If grandparents are granted court-ordered visitation rights, they may be required to pay the transportation costs to and from the visitation location.
How To Enforce Visitation Rights
Once a grandparent is granted visitation rights, the grandparent can ask the court to help enforce those rights if the parent is unreasonably uncooperative.
The grandparent can file a motion with the court asking the court to enforce the visitation order. The court will set a date to hear the motion. Notice of the hearing must be given to the parent(s) or other person who has custody of the child at least 10 days before the hearing.
The grandparent can ask the judge to approve a detailed visitation schedule. Parents who refuse to comply with visitation orders can be found guilty of contempt of court.
If a grandparent is wrongfully prevented from visiting the child, the grandparent can ask the judge to grant extra time to make up for lost visits. The grandparent can also ask the judge to make the parent(s) post a bond and/or pay attorney fees and costs.
What Happens If a Grandchild Is Adopted
Generally, a judge will not grant biological grandparents visitation rights after the child has been adopted. In fact, a judge is not allowed to grant visitation rights if the child was six months old or younger when the adoption took place.
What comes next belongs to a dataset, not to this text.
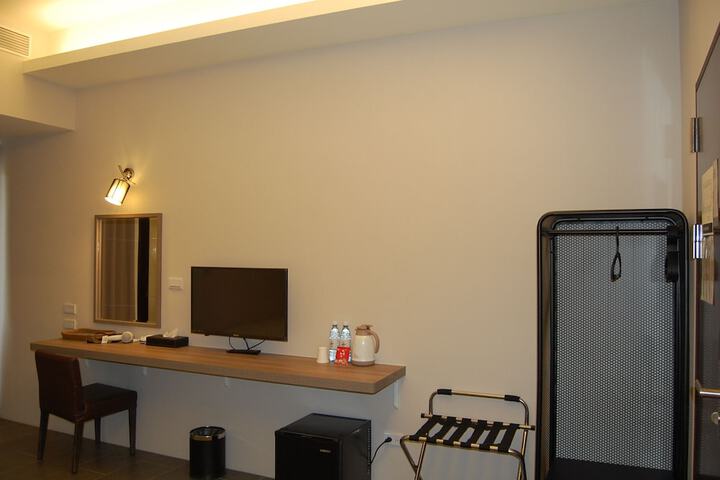 Room 5 of 6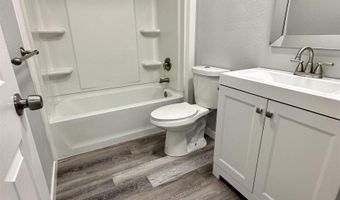 102 B St #2, Fairbanks, AK 99701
However, if the grandparent had court-ordered visitation rights before the child was adopted, the adoption will not automatically terminate these rights. Before terminating the visitation rights, a judge must hold a hearing at which the grandparent can argue against cancelling the visitation order. The judge will only terminate the visitation rights if he or she finds it would be in the best interest of the child to do so.
How To Avoid Going To Court
It is always preferable to work out a voluntary visitation arrangement with the parents or guardians. Going to court should be a last resort.
Try to set up a voluntary schedule. Be as flexible as you can regarding the times and location of visitation. Document in writing this visitation schedule and any other agreements.
To the extent possible, grandparents should continue to keep in touch with their grandchildren through letters and phone calls. They should document these contacts in case it becomes necessary to show a judge or mediator that the grandparents have maintained a strong interest in and relationship with the grandchildren.
No matter what happens, a child should never be involved in disagreements between grandparent and parent. Avoid speaking negatively about the parent in front of the child.